Celui qui fait choir la chevillette / Celle qui embobine le chevrier / Ceux qui défilent entre les blocs de lumière sculptés par le songe / Celui dont les délires sont géométriques et musicalement soumis aux nombres au sens pythagoricien / Celle qui maugrée dans le hallier aux fleurs blanches de soie floche / Celui qui est attentif au concert des pluies dans la maison qui prend l’eau / Celle qui se rappelle la tête réduite sous sa cloche de verre / Ceux qui sont bruyants même quand ils se taisent / Celui qui étouffe au milieu des volubiles / Celle qui s’amuse à décontenancer les superficieux / Ceux qui nouent une nouvelle amitié dans la demeure isolée / Celui qui ne rêve jamais qu’à haute voix quand la Dame repasse la lingerie intime du Colonel / Ceux qui font des rêves héréditaires d’un érotisme purement verbal / Celui qui reconnaît en rêve des gens qu’il n’a jamais rencontrés que dans d’autres rêves / Celle que j’ai rencontrée en rêve sur la Piazza Vecchia d’Arezzo que je n’ai découverte que deux ans plus tard / Ceux qu’accompagne le chien Charbon dans le jour bleu vert / Celui qui se baigne en chemise dans le tanker australien / Celle qui offre un pot de maté au marin de passage / Ceux que rabroue l’inspectrice des ongles / Celui qui se rappelle le « dépanneur » de son bled des Laurentides / Celle qui médite devant l’ombre pyramidale délimitée par le soleil et le silence / Ceux qui croient à la transmigration des âmes et s’expliquent ainsi leurs souvenirs de caïmans aux îles Impatientes / Celui qui milite pour une metempsychose égalitaire / Celle qui affirme que les animaux sont les rêves incarnés de la Nature / Ceux qui devisent tous bas dans le crépuscule serein, etc.

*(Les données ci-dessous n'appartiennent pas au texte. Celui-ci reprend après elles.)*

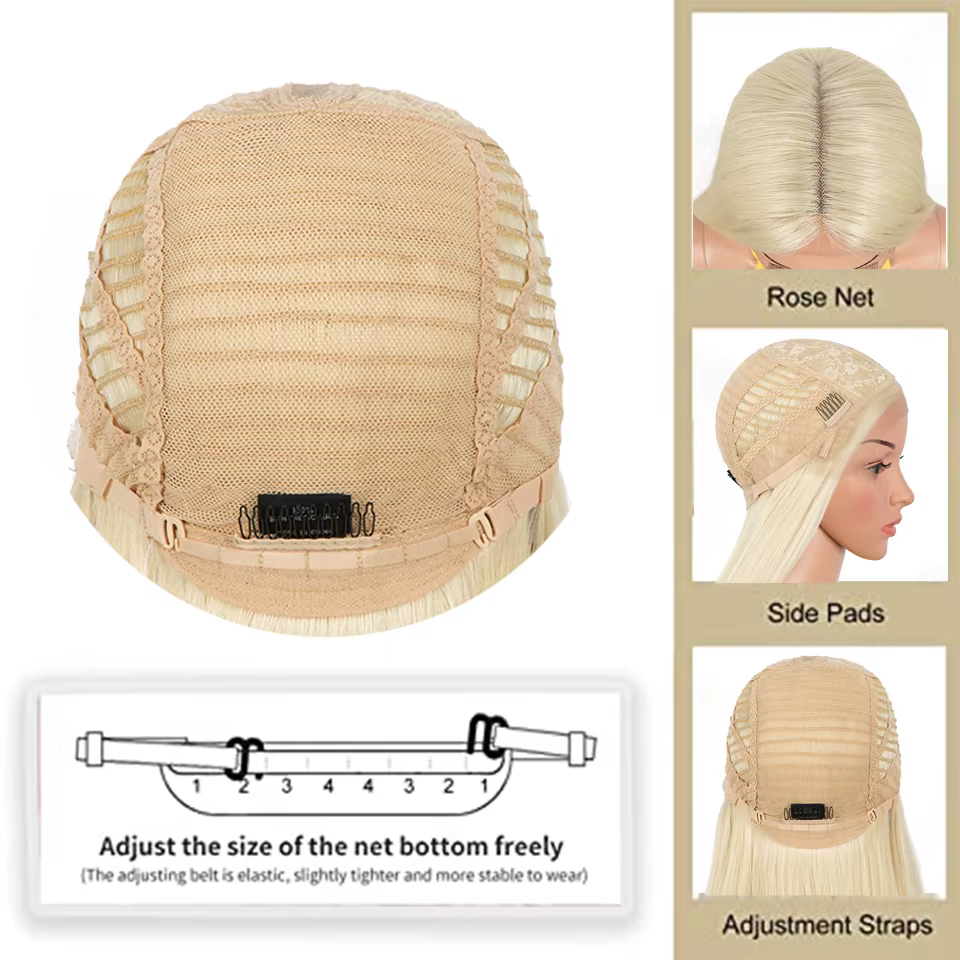 FASHION IDOL – perruque Lace Front Wig synthétique lisse de 38 pouces, perruque de Cosplay à reflets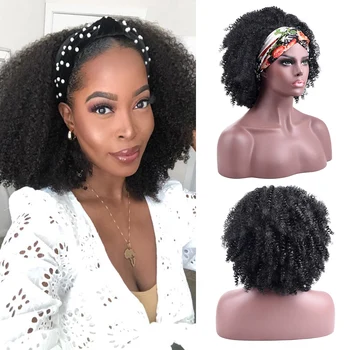 

Silike Afro Kinky Curly Headband Wig Synthetic Wig 14Inch Chic Afro African Style Hair Headband Wig With Pre-attached Scarf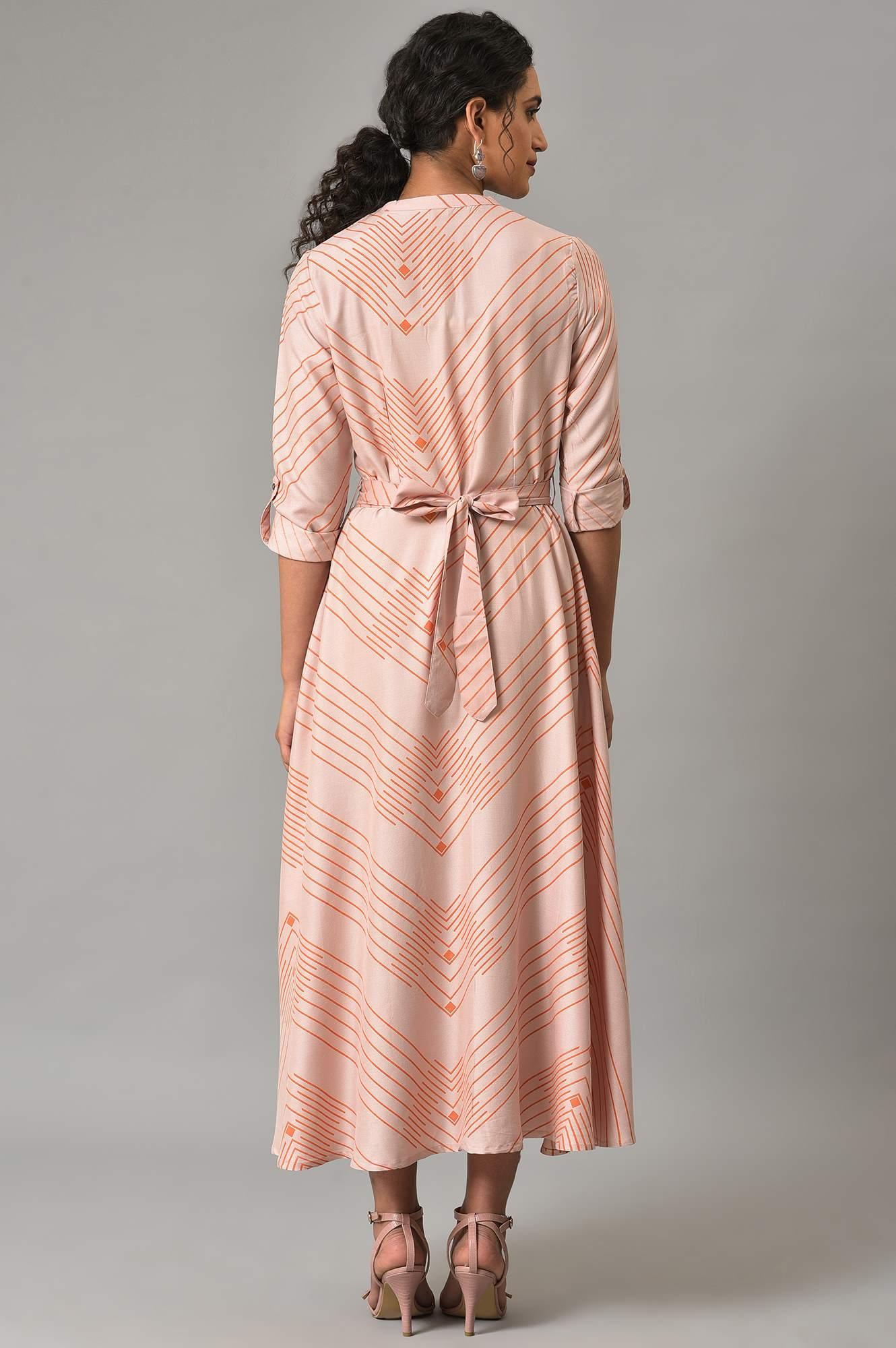 Dusty Pink Matrix Printed Circular Shirt Dress With Belt - wforwoman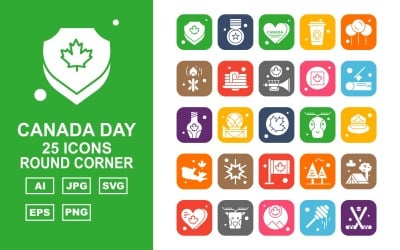 25 Conjunto de iconos de esquina redonda del día de Canadá premium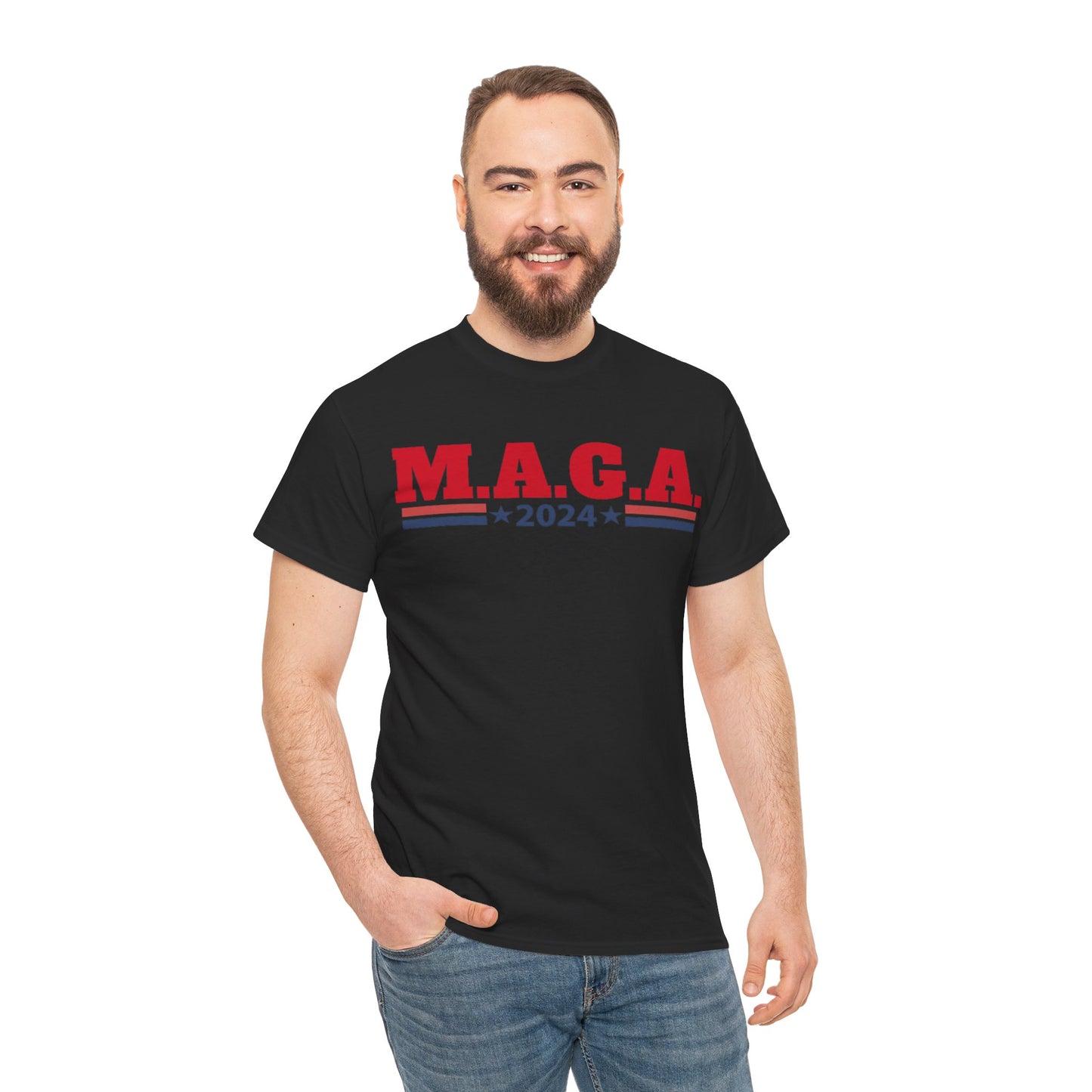 The Trump Card! MAGA 2024, Heavy Cotton Tee, Republican party support.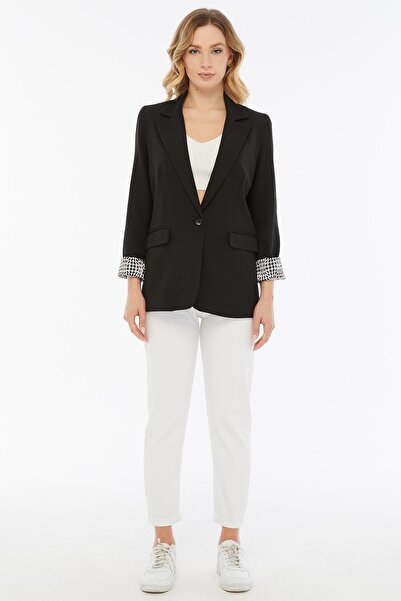 Select Moda Jachetă blazer de damă cu închidere cu un singur nasture și detal...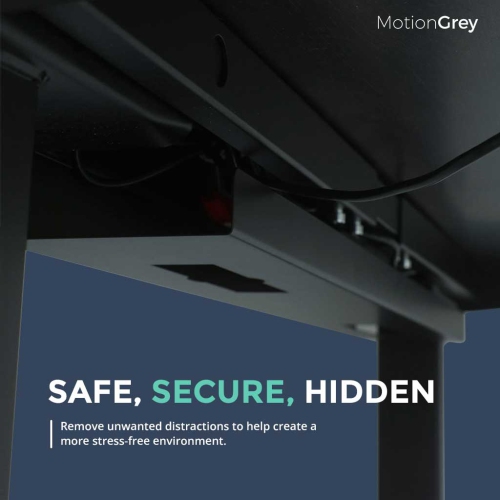 Système de gestion des câbles pour dessous de bureau MotionGrey, range-câbles, plateau d'organisation pour tables d'ordinateur de travail, bureaux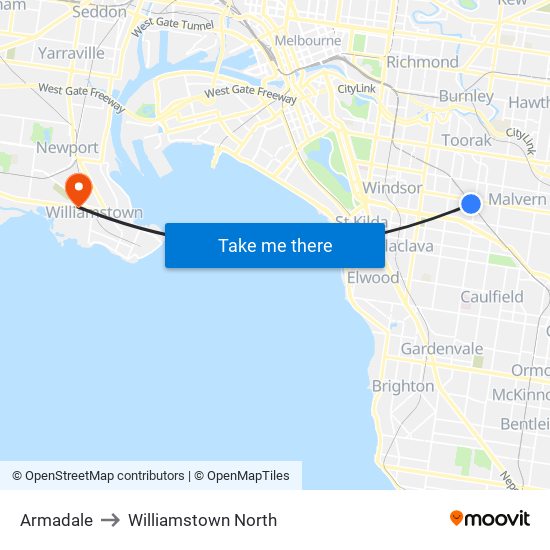 Armadale to Williamstown North map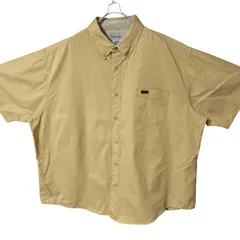 CHM Carhartt 半袖シャツ ベージュ 無地 ボタンダウン ワークシャツ コットン100% ビッグサイズ 3XL オーバーサイズ メンズ レディース ユニセックス 古着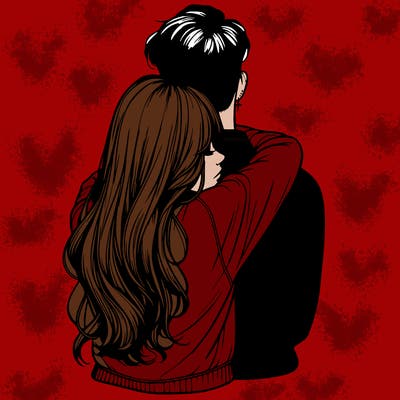 realistic girl hugging boyfriend from back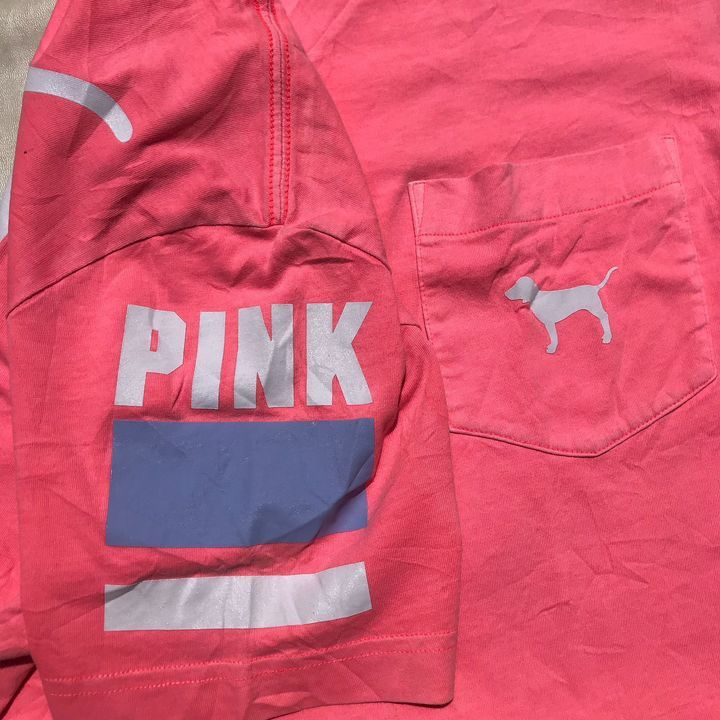 Pink × Victoria's Secret PINK Victoria Secret T shirt Tee. Hot coral color with dog Size S / US 4 / IT 40 - 4 Thumbnail
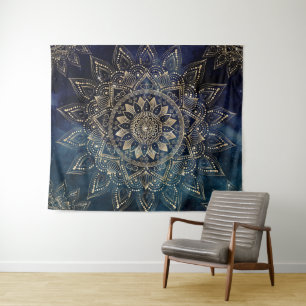 Elegant Goud Mandala Blauw Galaxy Wandkleed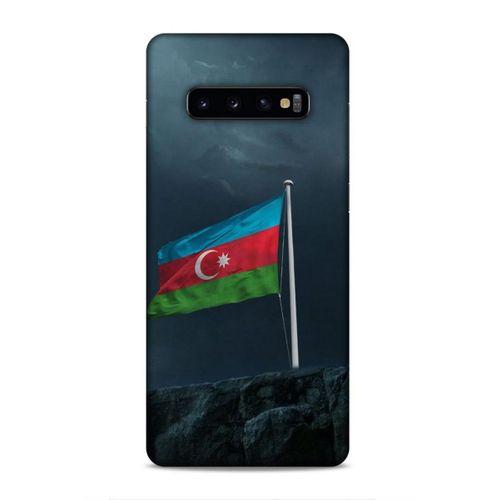 Samsung Galaxy S10 Plus Uyumlu Kılıf Azarbaijan (27) Tasarımlı Kılıf Mavi Beyaz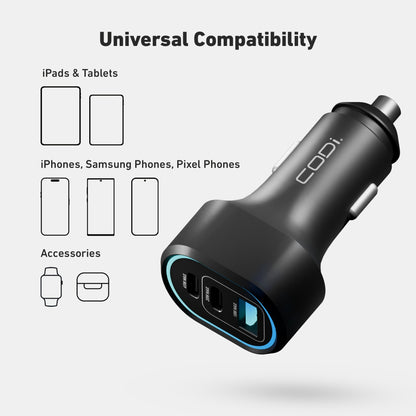 65W Triple Port Car Charger - CODi Worldwide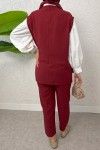 Kuşaklı Yelek Pantolon Takım 2243 - BORDO Kuşaklı Yelek Pantolon Takım 2243 - BORDO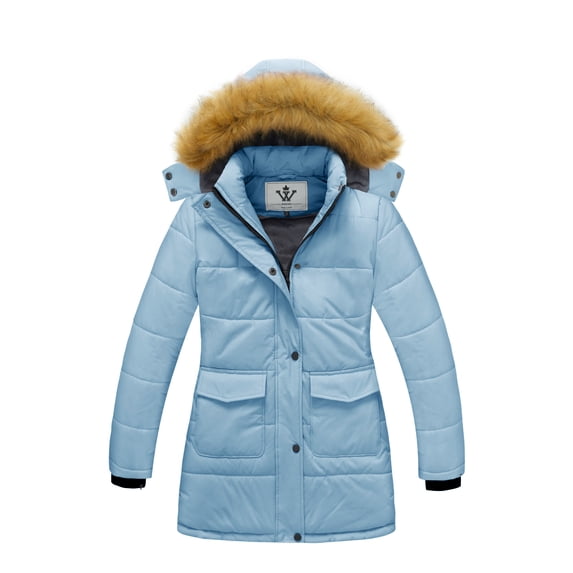 WenVen Girl's Winter Coat Puffer Jacket Snow Warm Fleece Hooded Kid Parka Light Blue 6/7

(Cette liste a été jetée au crayon Caran d’Ache 4B dans les marges de Faits divers de la terre et du ciel de Silvina Ocampo disponible dans la collection L’Etrangère des éditions Gallimard)
Commentaires
Celui qui tire la mobylette | Celle qui entend le vieux dieu Pan | Ceux qui naviguent entre les métonymies des commentateurs du présent blog | Celui dont les chroniques sont impubliables sauf dans la revue dont il se trouve, par coïncidence, être le directeur de publication | Celle qui est jalouse | Celui qui écoute s'il pleut | Celle qui retient beaucoup de phrases | Ceux qui troublent leurs propres instants de silence | Celui qui écoute les grands taciturnes | Celle qui s’amuse à commenter le dico des citations | Ceux qui nouent une nouvelle amitié plutôt virtuelle | Celui qui ne transmet que la moité de ses résultats scientifiques tous les quatre ou cinq ans | Ceux qui font des rêves comprenant quatorze alexandrins sur cinq rimes | Celui qui ne se reconnaît pas en rêve car il est peu physionomiste | Celle que j’ai rencontrée en messages perso d'un forum où je n'allais pas encore tous les jours | Ceux qu’accompagne leur poids corporel | Celui qui se baigne en rêve dans un très grand saladier | Celle qui écoute la chanson triste du brave marin buvant son vin blanc | Ceux que rabroue leur surmoi infantilisant | Celui qui se rappelle le charcutier magicien | Celle qui médite devant la frontière | Ceux qui croient à la transmigration des chaussettes et s'expliquent de la sorte l'imparité de certaines paires | Celui qui milite mais en ayant perdu la foi mais faut pas le dire | Celle qui affirme que les animaux sont les oncles de ceux qui les regardent | Ceux qui boivent pour supporter le niveau de la conversation en cours, plusieurs fois chaque semaine, et tous les autres.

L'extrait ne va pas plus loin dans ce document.